Die ISKP verfolgte eine Strategie, bei der sie gleichzeitig Minderheitengruppen und hochrangige Ziele angriff.
Die Kontrolle der Taliban über die Regierung und alle bestehenden Strukturen in Afghanistan sowie ihre historische Feindschaft mit der Gruppe könnten für Gruppen wie die ISKP ein Anreiz gewesen sein, ihre Angriffe und gezielten Tötungen von Hazaras fortzusetzen. Viele Widerstandsgruppen sehen hier einen Anknüpfungspunkt zwischen den Taliban und der ISKP und schließen nicht aus, dass sich die beiden in dieser Frage abstimmen.
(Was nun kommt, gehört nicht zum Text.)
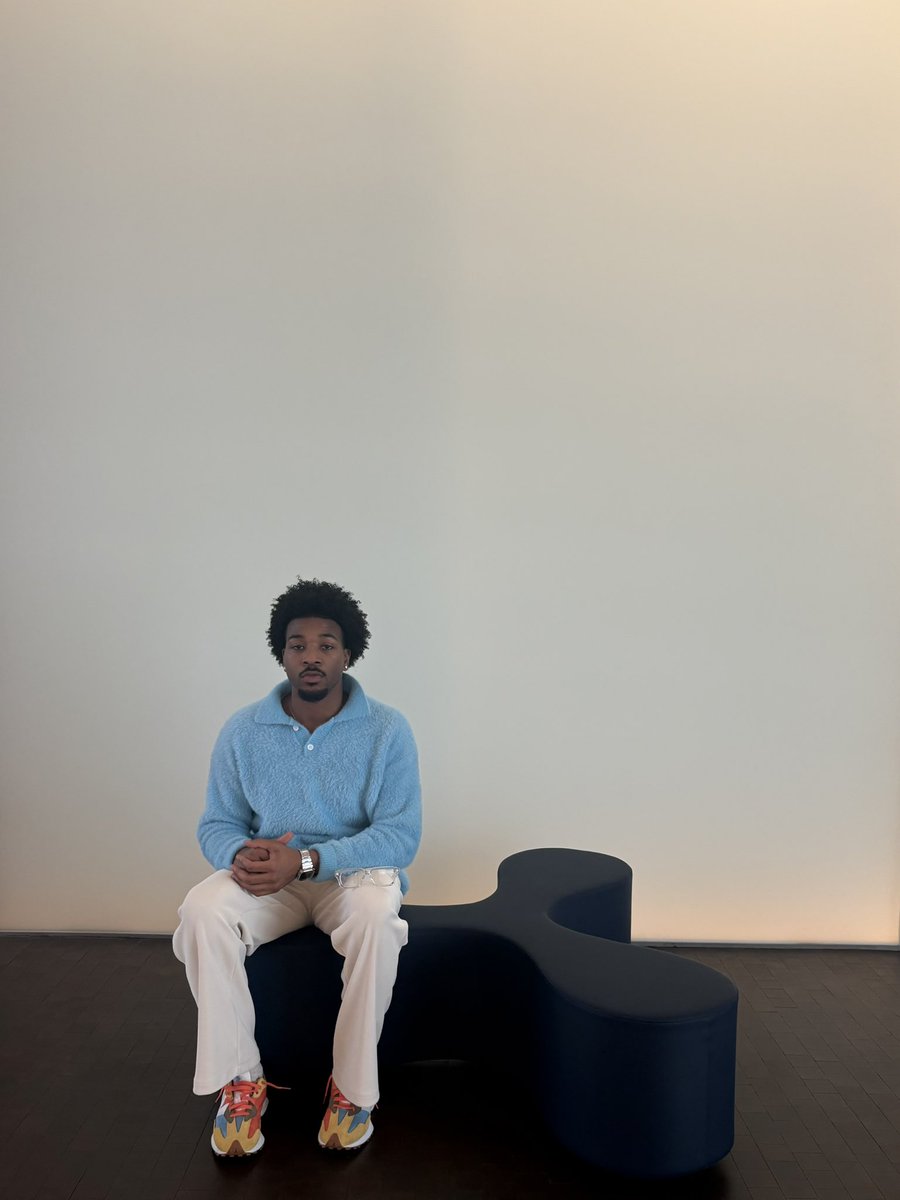HippieKey's tweet photo. https://t.co/BdkjDg483W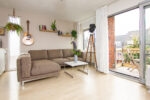 Meester Cornelisstraat 41 | Haarlem | Foto 16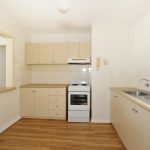 11/4 Canham Way, ORELIA, WA 6167 AUS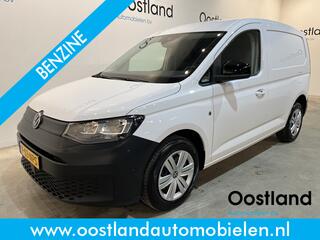 volkswagen-caddy-cargo-1.5-tsi-auto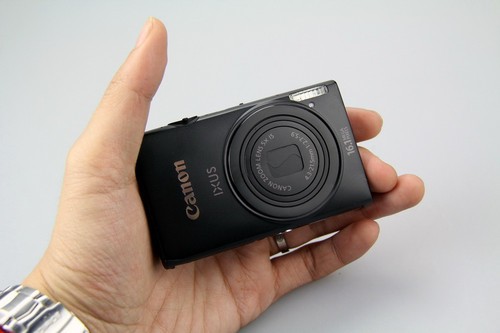 1610ضDC IXUS125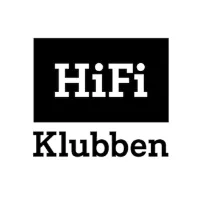 HiFi Klubben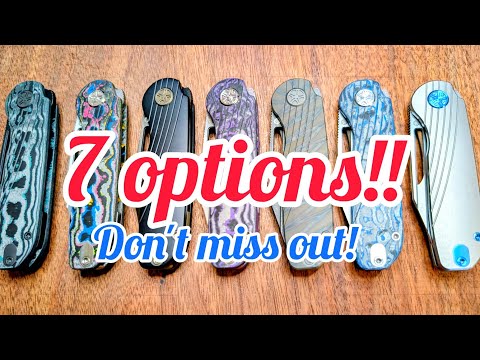 Kleiner Sturm, aber heftig! Sturmtornado am 15.01.2025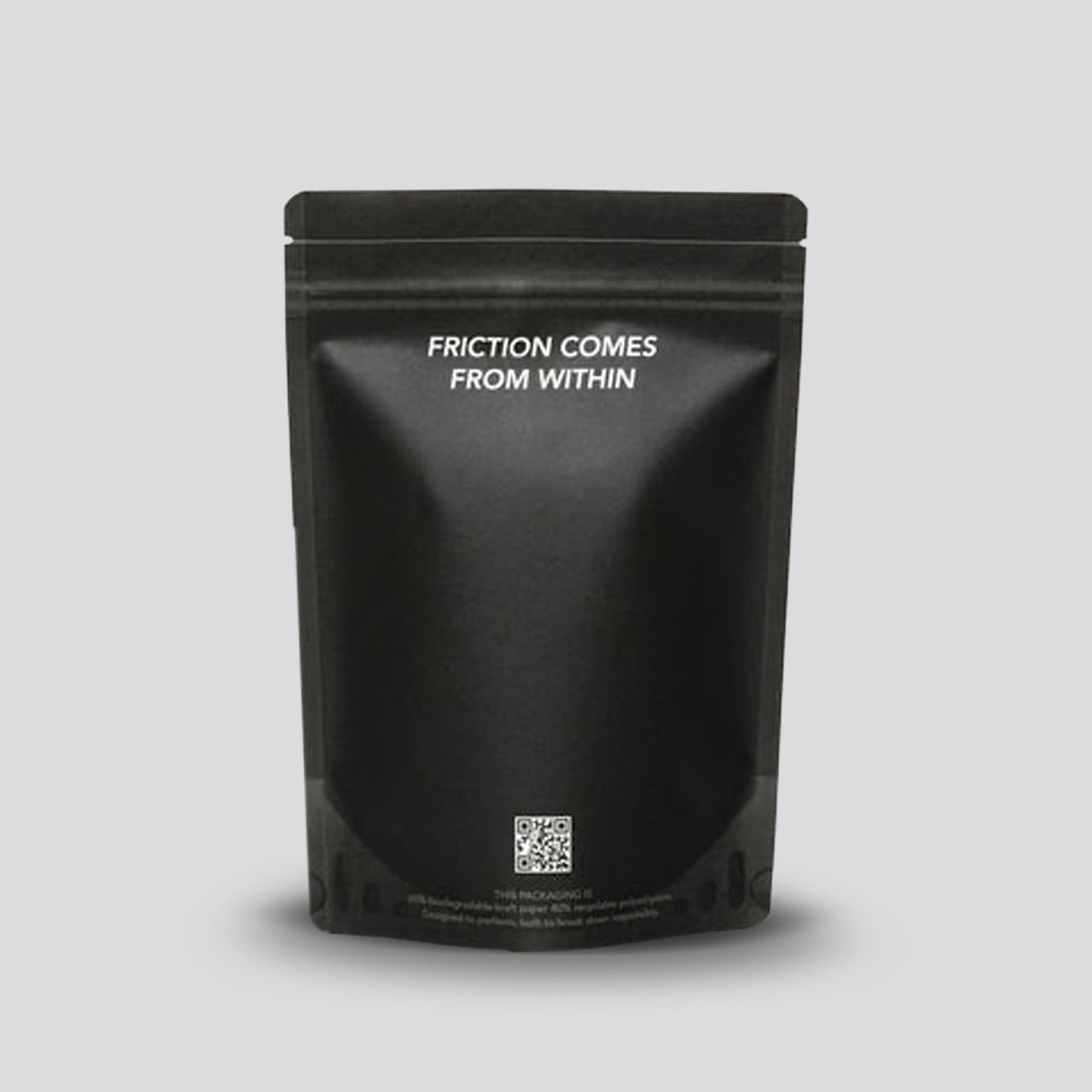 Chalkra - Climbing Chalk 6 oz.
Um auf die Verfolgung der Hazaras aufmerksam zu machen und die internationale Gemeinschaft aufzufordern, ihren "Völkermord" anzuerkennen, versammelten sich im vergangenen Monat viele Organisationen und Aktivisten in mehr als 30 Städten auf der ganzen Welt und forderten Maßnahmen und Rechenschaft für die Täter der Angriffe gegen die Hazaras. In den letzten zweieinhalb Jahren hat das Engagement zwischen der internationalen Gemeinschaft und den Taliban zugenommen. Die Länder haben die Gruppe zwar dazu gedrängt, die Vertretung von Frauen und ethnischen Minderheiten zu erhöhen und Forderungen in Bezug auf Staatsführung, Sicherheit und andere Themen zu erfüllen, doch ihr Einfluss, das Emirat im Gegenzug für eine Zusammenarbeit dazu zu bewegen, ihren Wünschen nachzukommen, hat sich nicht bewährt.
Kürzlich hielt das Emirat ein Treffen der Regionalen Kooperationsinitiative in Kabul ab, an dem 11 Nachbarländer, darunter Indien, China und Russland, teilnahmen. Die Taliban nutzten die Plattform, um ihre eigenen Vorstellungen darüber zu formulieren, wie die internationale Gemeinschaft mit ihnen zusammenarbeiten soll. Dabei konzentrierten sie sich auf Handels- und Wirtschaftsbeziehungen und regionale Sicherheit, während Fragen zur Einbeziehung von Frauen und anderen Randgruppen abgelehnt wurden. Dadurch werden diese Minderheitengruppen weiter an den Rand gedrängt, was sie anfälliger für Gewalt macht und es dem Islamischen Emirat ermöglicht, mit seiner diskriminierenden Politik und Bürokratie fortzufahren.